» GIVEN DATA:
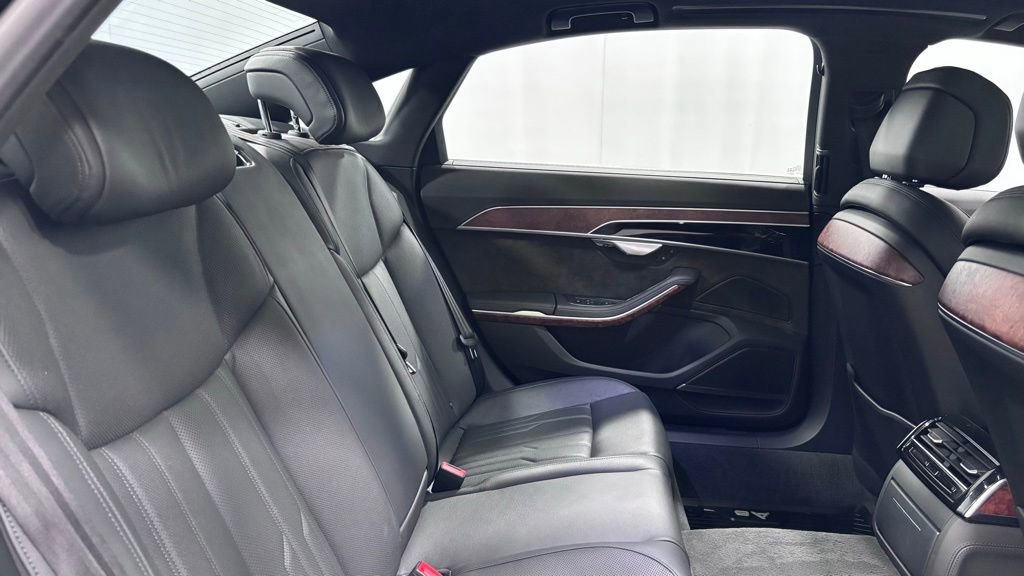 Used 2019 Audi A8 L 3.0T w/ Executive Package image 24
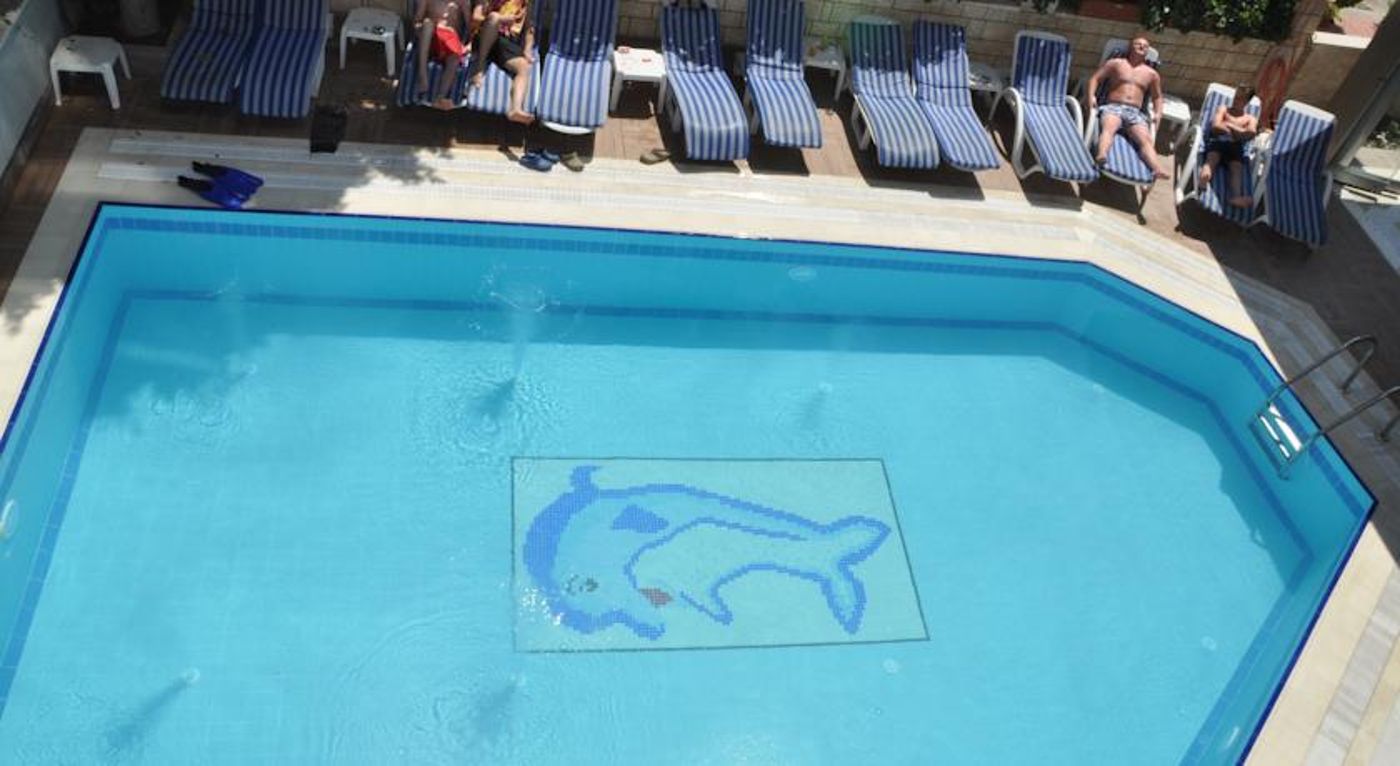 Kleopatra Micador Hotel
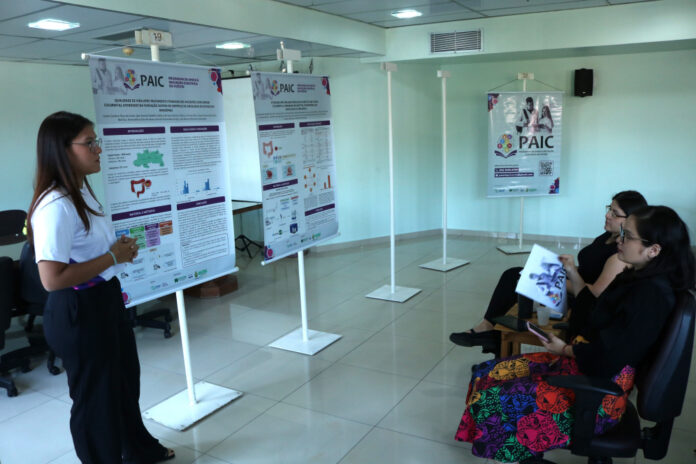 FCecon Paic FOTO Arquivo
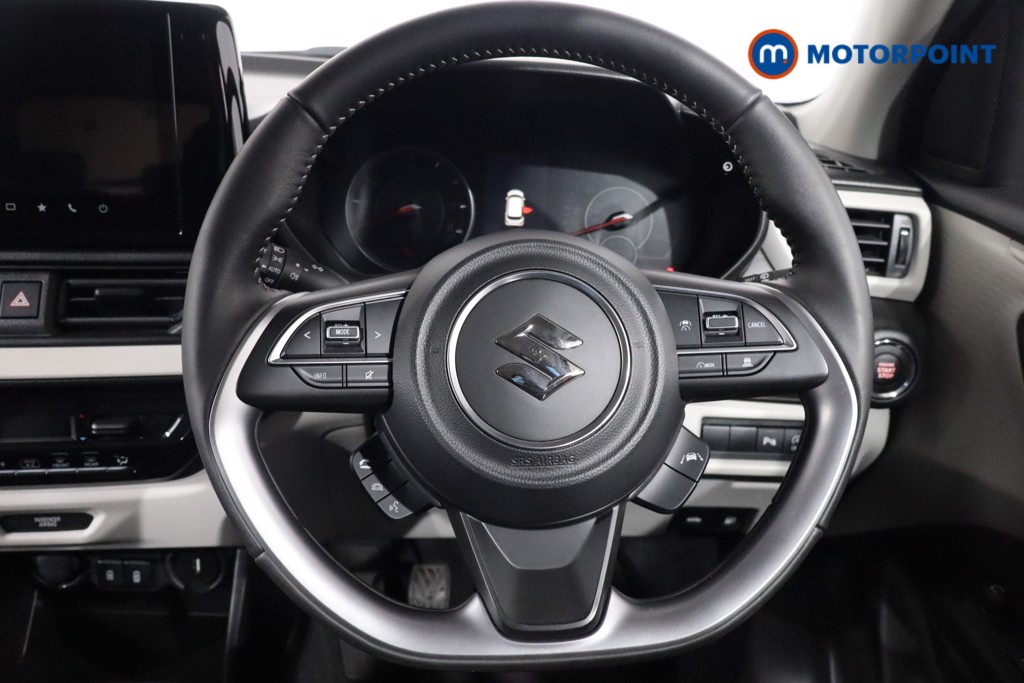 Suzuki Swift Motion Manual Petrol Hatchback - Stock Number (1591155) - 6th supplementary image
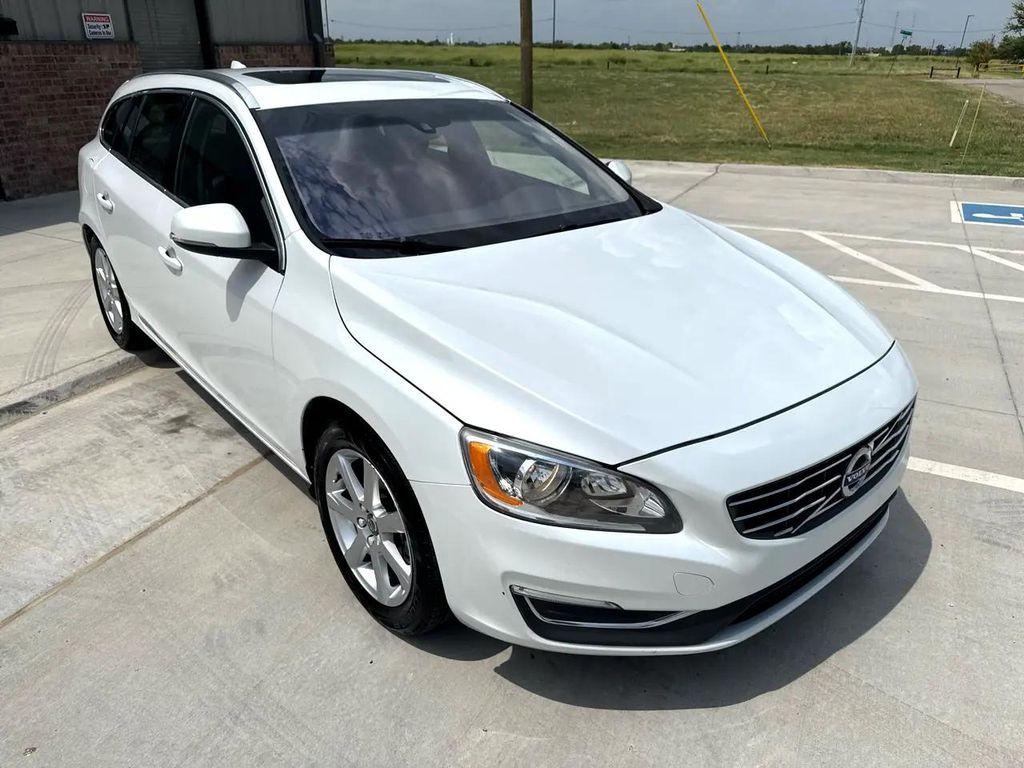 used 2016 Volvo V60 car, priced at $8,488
--
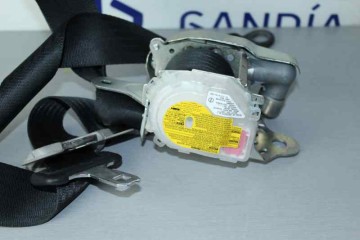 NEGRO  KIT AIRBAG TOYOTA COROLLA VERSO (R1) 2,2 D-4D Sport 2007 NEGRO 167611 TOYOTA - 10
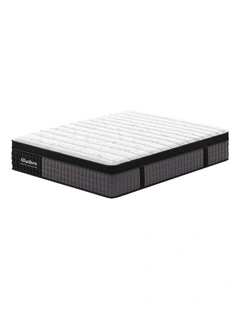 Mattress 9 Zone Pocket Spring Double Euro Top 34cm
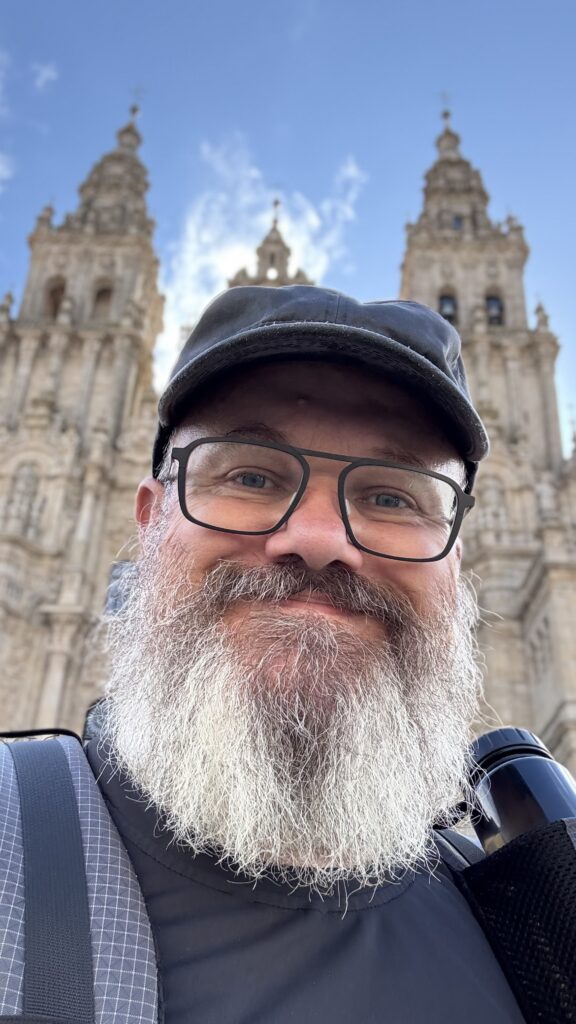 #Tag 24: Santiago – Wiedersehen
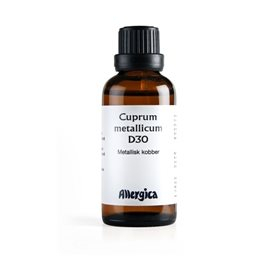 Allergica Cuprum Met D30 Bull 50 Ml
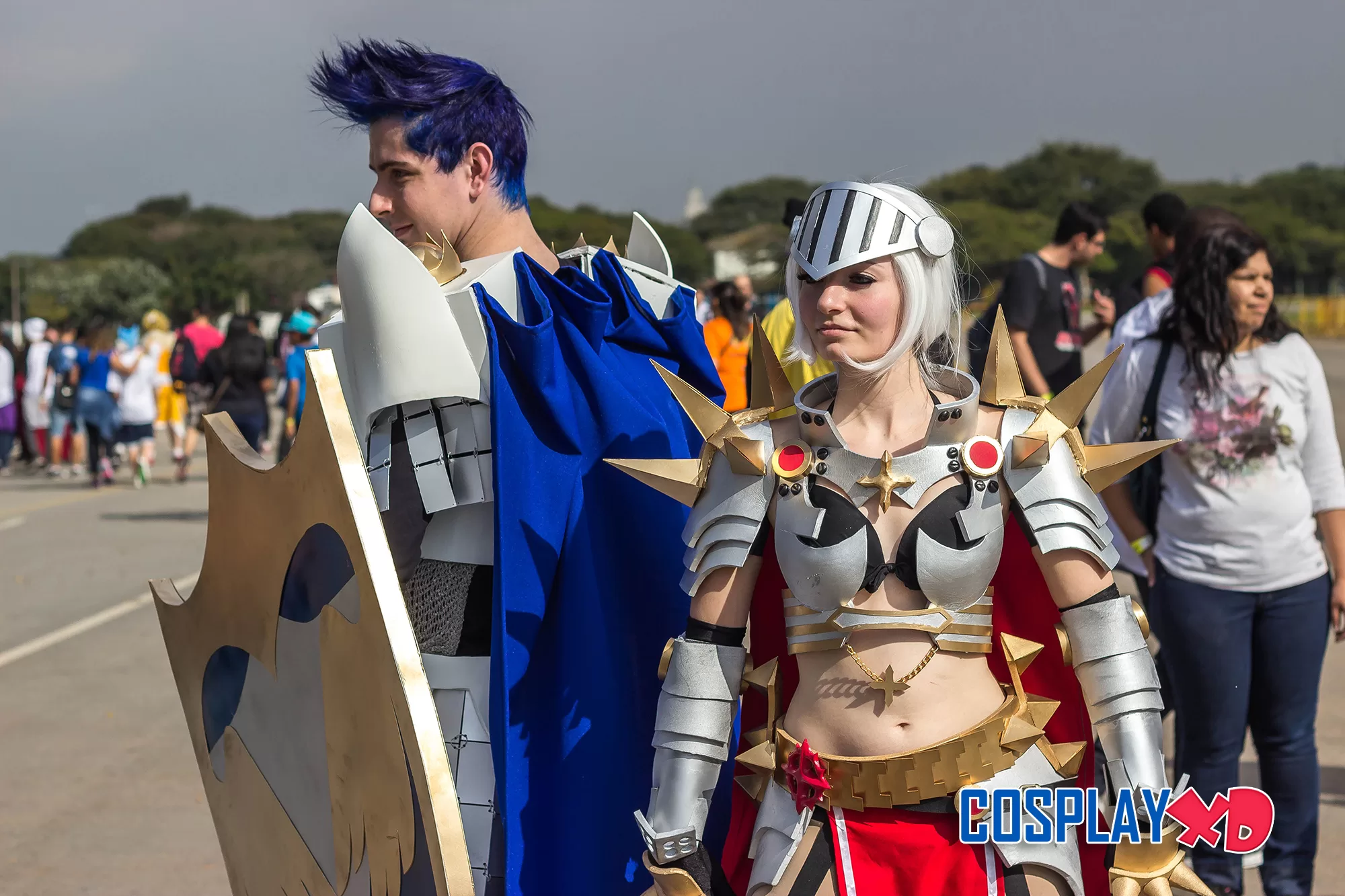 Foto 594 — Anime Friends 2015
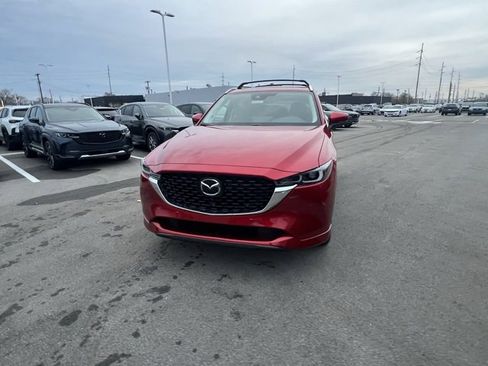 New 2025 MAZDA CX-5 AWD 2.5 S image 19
--
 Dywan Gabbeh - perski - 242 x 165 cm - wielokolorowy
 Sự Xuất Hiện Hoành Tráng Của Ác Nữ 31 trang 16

» TASK INSTRUCTIONS: With the pictures omitted, restate word for word the lines above from the line that has "FCecon Paic FOTO Arquivo" up to and including the line that has "used 2016 Volvo V60 car, priced at $8,488", and no other lines.

» EXERCISE ANSWER:
 FCecon Paic FOTO Arquivo
 Suzuki Swift Motion Manual Petrol Hatchback - Stock Number (1591155) - 6th supplementary image
 used 2016 Volvo V60 car, priced at $8,488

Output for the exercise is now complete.